Exercise data
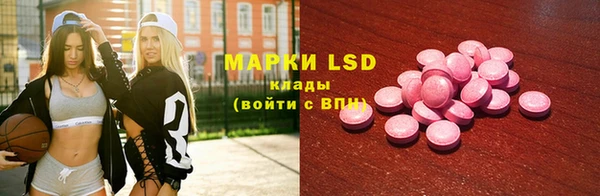крисы Новозыбков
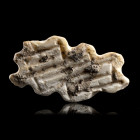 *SCEAU SIGILLÉ
En marbre blanc, figurant une série de rectangles à formede labyrinthe. Rare.
27 x 52 x 7mm.
Grèce, Thessalie,Néolithique, c.6000 av...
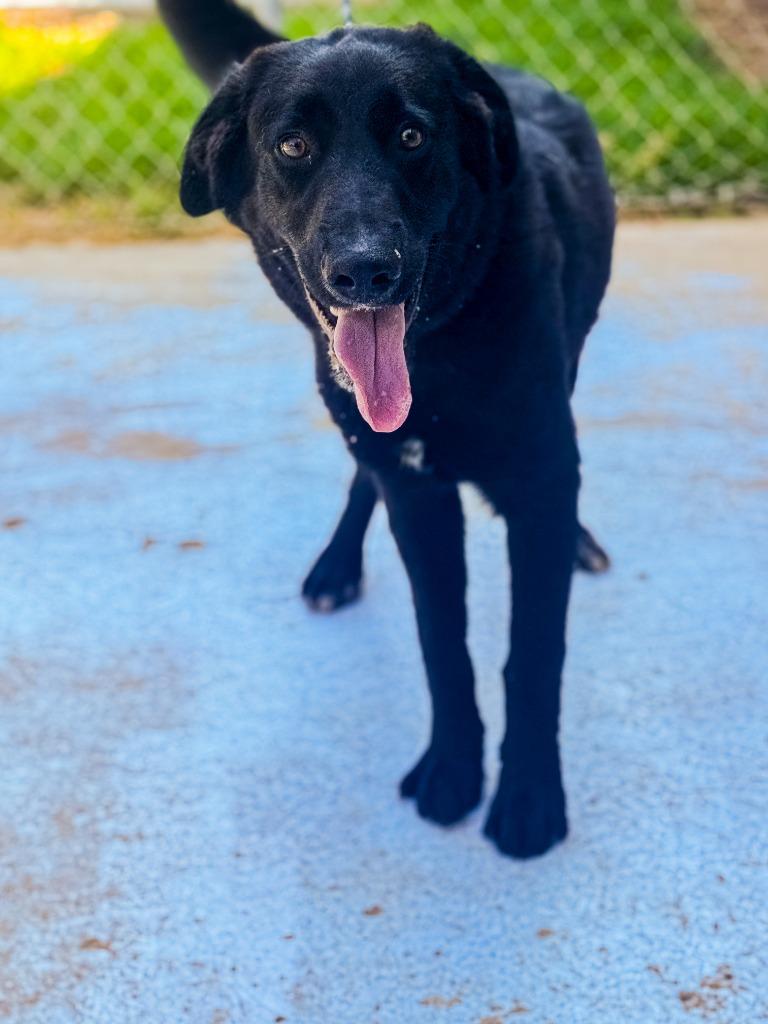 Enlarge Marcus, a Adoptable mixed breed in Russellville, KY image 2/3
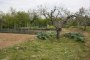 Terreni agricoli a Spinetoli (AP) - QUOTA 2/3 - LOTTO 7 5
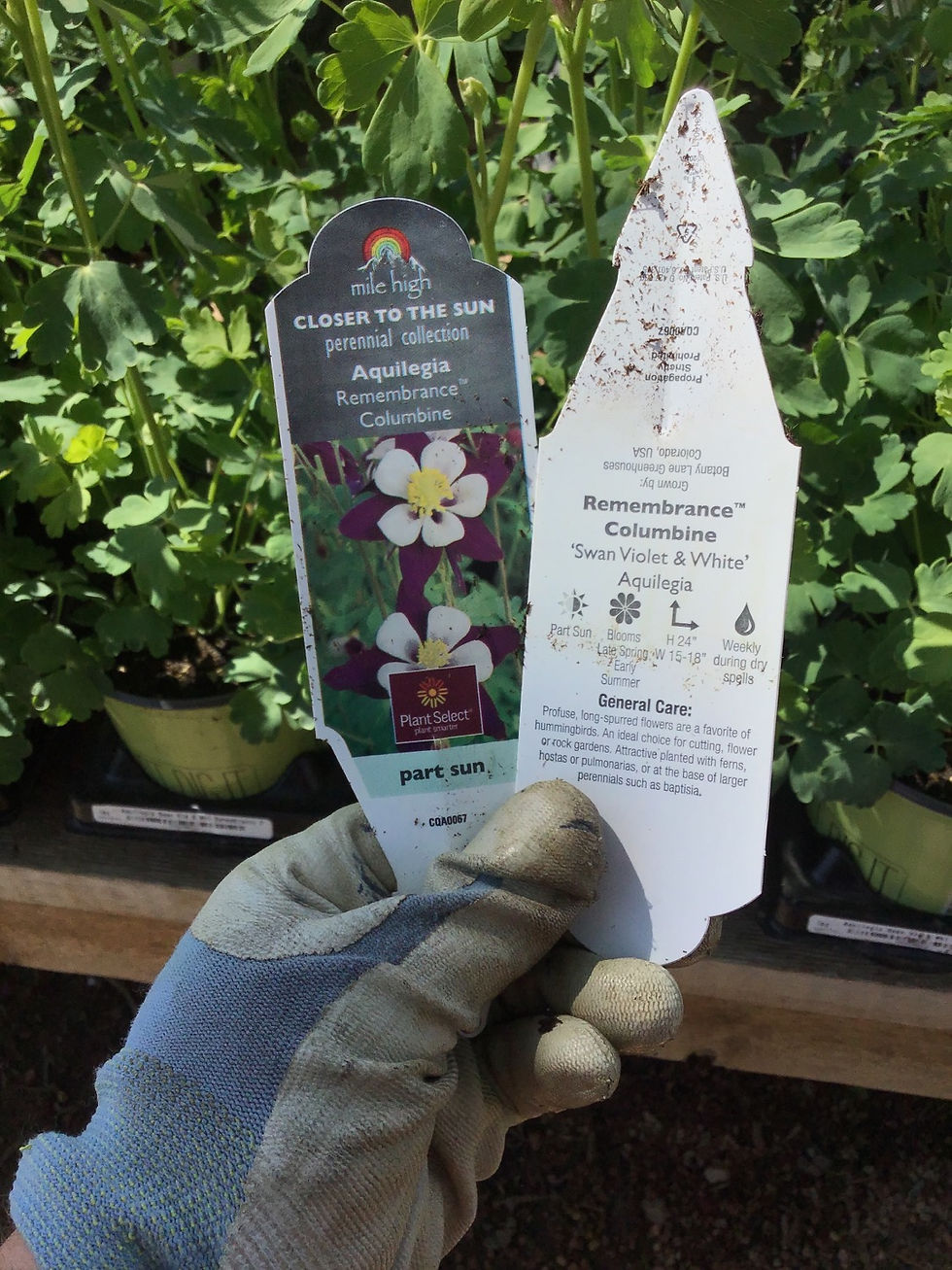 Thumbnail: Aquilegia Swan Violet and white remembrance columbine #1￼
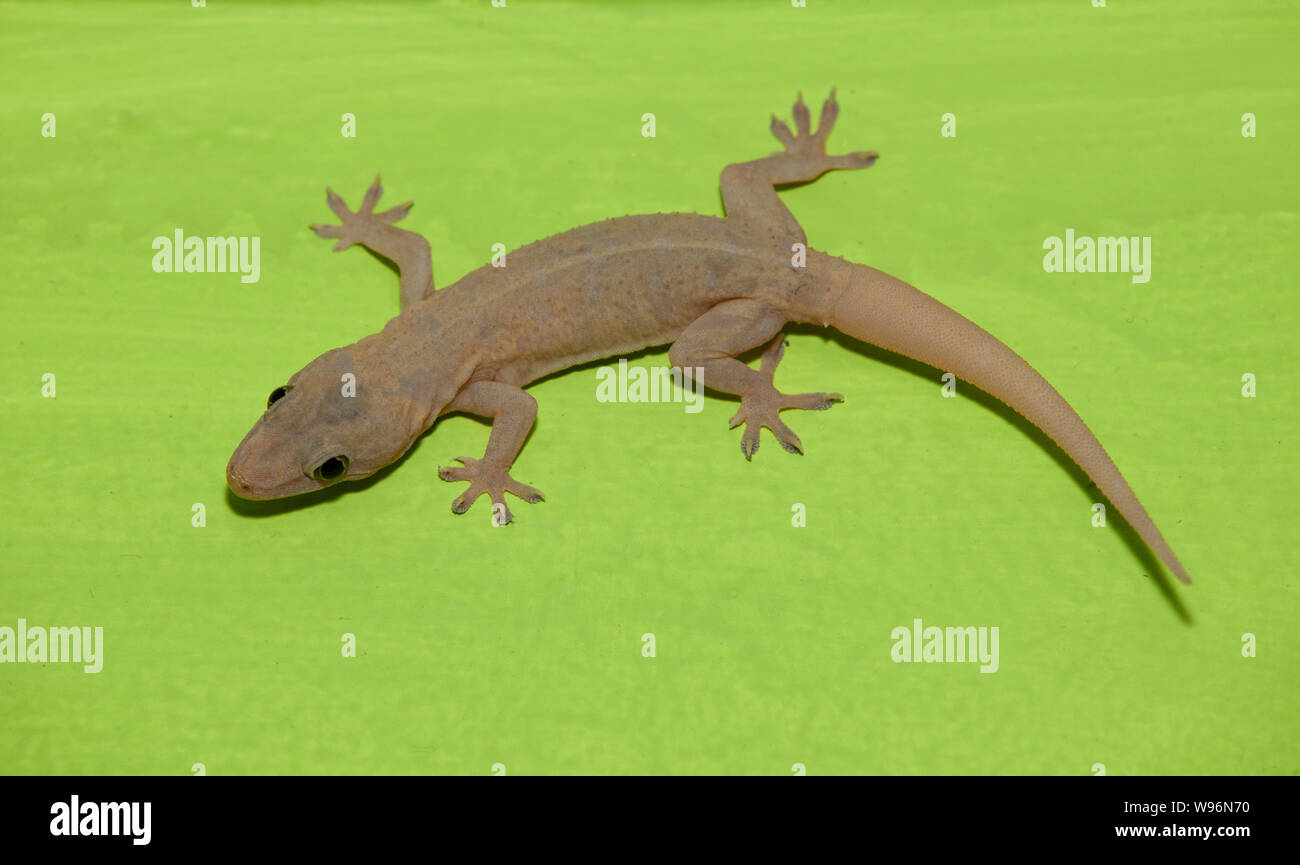 Four-clawed gecko,Gehyra mutilata, also as common four-clawed gecko,stump-toed gecko,tender-skinned house gecko or sugar gecko, Western Ghats,India Stock Photo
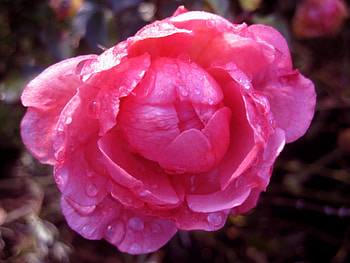 Rose, pink, drop, flower, nature, flowers HD wallpaper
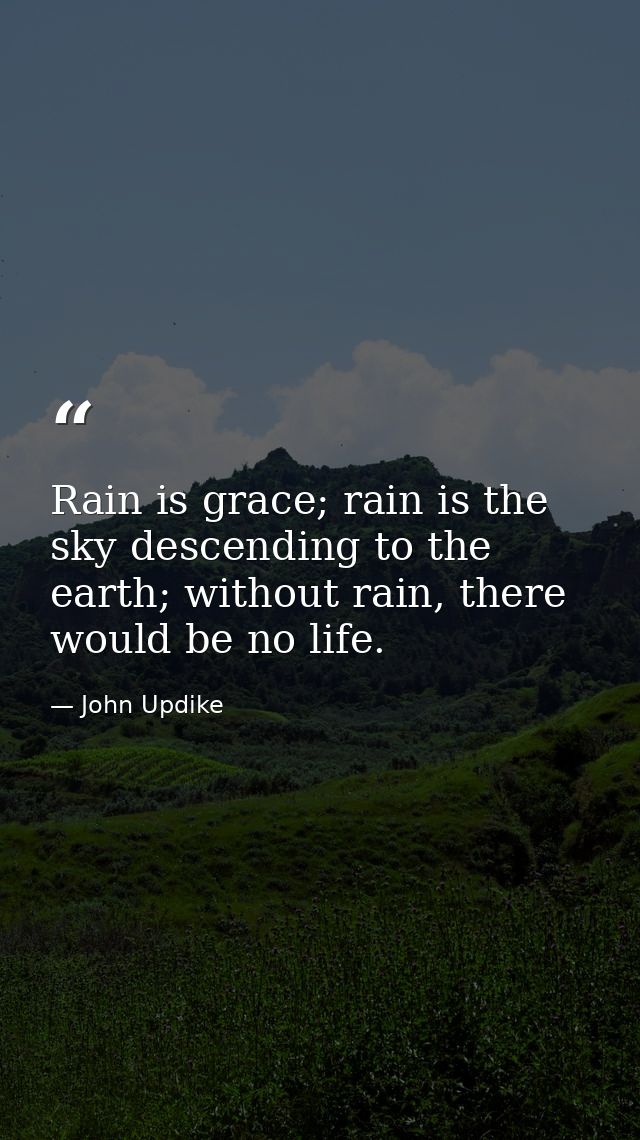 Rain is grace; rain is the sky descending to the earth; without rain, there would be no life. — John Updike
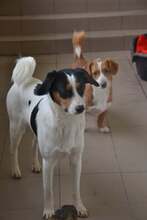 JERRY, Hund, Mischlingshund in Slowakische Republik - Bild 21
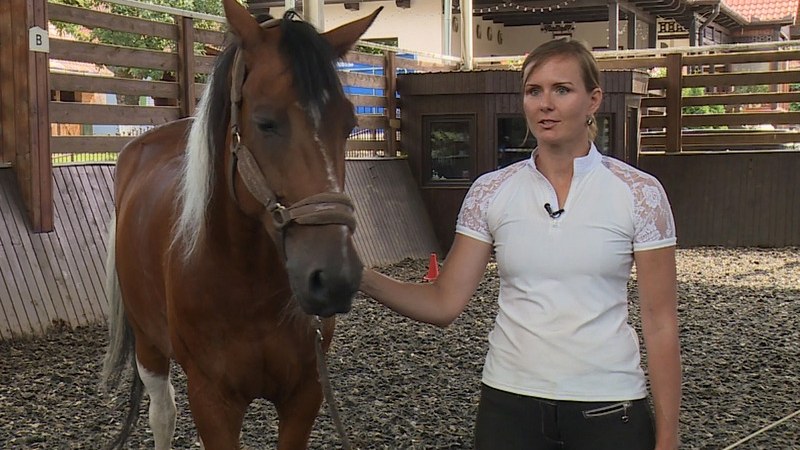 Lovas birodalom Kézdialmáson (Magánvállalkozás)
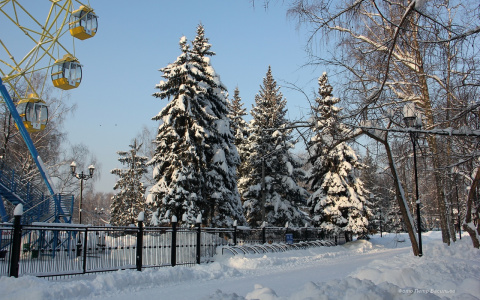 О погоде на неделе — в Йошкар-Олу возвращается мороз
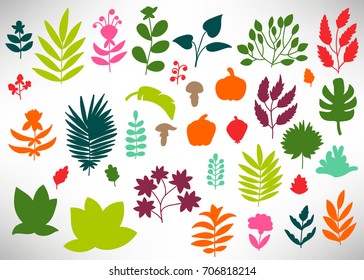 Big Floral Set of colorful hand drawn flowers, bushes, leaves, branches, pumpkin, mushrooms isolated on white. Collection of flourish  elements for design. Vector illustration.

What is being asked
The output must match the records word for word, except that no pictures appear.

Worked solution
крисы Новозыбков
 *SCEAU SIGILLÉ
En marbre blanc, figurant une série de rectangles à formede labyrinthe. Rare.
27 x 52 x 7mm.
Grèce, Thessalie,Néolithique, c.6000 av...
 Enlarge Marcus, a Adoptable mixed breed in Russellville, KY image 2/3
 Terreni agricoli a Spinetoli (AP) - QUOTA 2/3 - LOTTO 7 5
 Thumbnail: Aquilegia Swan Violet and white remembrance columbine #1
 Four-clawed gecko,Gehyra mutilata, also as common four-clawed gecko,stump-toed gecko,tender-skinned house gecko or sugar gecko, Western Ghats,India Stock Photo
 Rose, pink, drop, flower, nature, flowers HD wallpaper
 Rain is grace; rain is the sky descending to the earth; without rain, there would be no life. — John Updike
 JERRY, Hund, Mischlingshund in Slowakische Republik - Bild 21
 Lovas birodalom Kézdialmáson (Magánvállalkozás)
 О погоде на неделе — в Йошкар-Олу возвращается мороз
 Big Floral Set of colorful hand drawn flowers, bushes, leaves, branches, pumpkin, mushrooms isolated on white. Collection of flourish  elements for design. Vector illustration.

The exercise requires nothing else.